These challenges remain, but a modern gearbox is likely to be a sophisticated electromechanical assembly, controlled by powered actuators, monitored by sensors and managed by complex software. It now requires collaboration between multiple groups, each with their own specialisms: mechanical and electrical design engineers, software developers and data analysts.
This is repeated across the world of manufactured products, but rising product complexity is only part of the story. Sub-assemblies and sub-systems are increasingly likely to be engineered by different suppliers. Also, carmakers now offer additional functionality during the life of their products, and in industrial equipment, manufacturers use remote links to monitor the performance of their products in the field.
The data gap
“The challenges facing today’s manufacturers are formidable, but they are compounded when companies find themselves with the wrong tools for the job,” says Graham McCall, vice president of operations at Aras. “Specifically, the systems used to manage product data are struggling to keep pace with the requirements placed on them by modern engineering and business processes. Companies strive to create continual “digital threads” that connect their products from concept to end-of-life, but often, those threads are broken.”
It’s not hard to see why. The majority of product lifecycle management (PLM) systems have roots that stretch back to the early days of computer aided design (CAD). As companies moved from paper to electronic drawings, and on to 3D models and simulations, it became clear that they needed systems to manage the growing volumes of data these tools produced.
CAD evolved into product data management (PDM) as systems gained the ability to manage bills-of-materials, capture and formalise engineering standards and rules, or generate multiple product configurations from a common underlying dataset. PDM then evolved into PLM, which was intended to extend the common data architecture across the boundaries between disciplines, engineering phases and organisations.

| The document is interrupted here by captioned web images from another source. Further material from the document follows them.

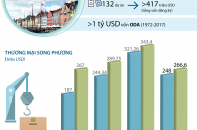 [Infographic] Việt Nam - Đan Mạch tăng cường quan hệ đầu tư và thương mại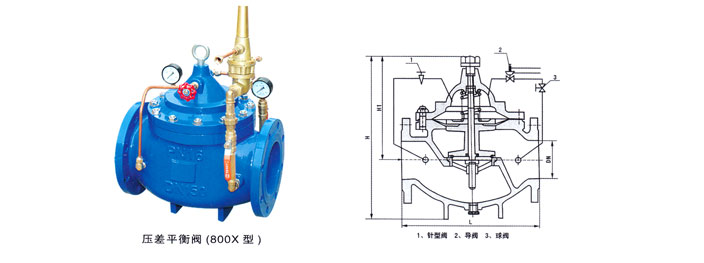800X壓(ya)差旁(pang)通平(ping)衡閥(fa)1
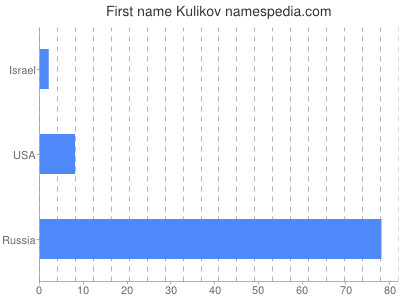 Given name Kulikov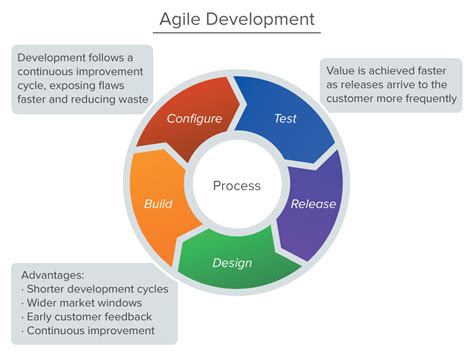 My Thoughts Agile Development The Art Of Doing More In Less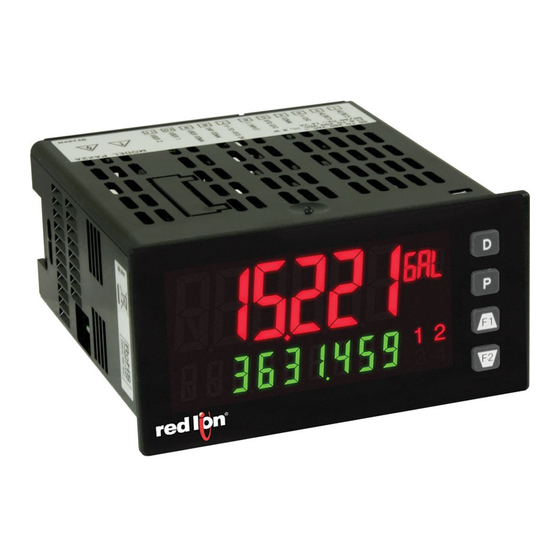 red lion PAX2A Manual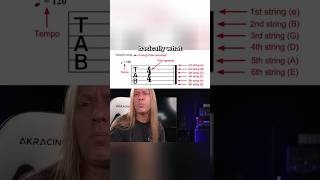 How to Read Guitar Tab Lines #shorts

“PLM has failed to deliver its objectives for two fundamental reasons,” explains McCall. “First, most existing PLM systems haven’t broken free from their roots in mechanical CAD. They do some things very well: handling product geometry, materials data, assemblies and complex configurations for example. But they struggle with others, notably the integration of the software development processes that are a central part of many products. This leaves a gaping hole in processes that usually get filled with a patchwork of sub-par tools like Excel spreadsheets, shared drives, e-mail or Dropbox. None of these connect to the PLM system or each other.
“Second, typical PLM implementations are often notoriously slow, difficult and expensive to deploy. Companies can spend millions of pounds and thousands of hours, to find they have a solution that covers only a fraction of their processes, products and business activities. And once that PLM system is up and running, changing it is just as difficult. That makes it difficult for companies to seize new opportunities – evolving their internal processes and external offerings to take advantage of new technologies or shifts in customer demand.”
The birth of resilient PLM
“Organisations are learning that they can’t tackle today’s challenges with their existing data infrastructure,” McCall adds.“What they need is a resilient PLM platform to make them successful in their enterprise-wide digital transformation. One that is flexible, scalable and upgradable.”
A resilient platform is one that can accommodate the modern agile approach to IT implementation. Companies need the ability to deploy systems rapidly and adapt them quickly to meet their changing needs. That calls for a fundamentally different software architecture. Instead of hard-coding business logic, services and database structures into the platform itself, these elements need to be accessible and adaptable, implemented as models that can be changed quickly and inexpensively.
“A scalable PLM solution is one that meets the needs of all current and potential users,” McCall says. “That requires a clear separation between a company’s data and the tools used to create and access it. Only a few individuals need the ability to generate the geometry of a component, for example, but many hundreds may need to access and review that model without paying thousands a year for access to the original authoring tool.”
According to McCall, the digital thread that interconnects throughout lifecycles won’t be spun out of legacy CAD tools. It will be woven around them, and the other tools, data sources and business processes.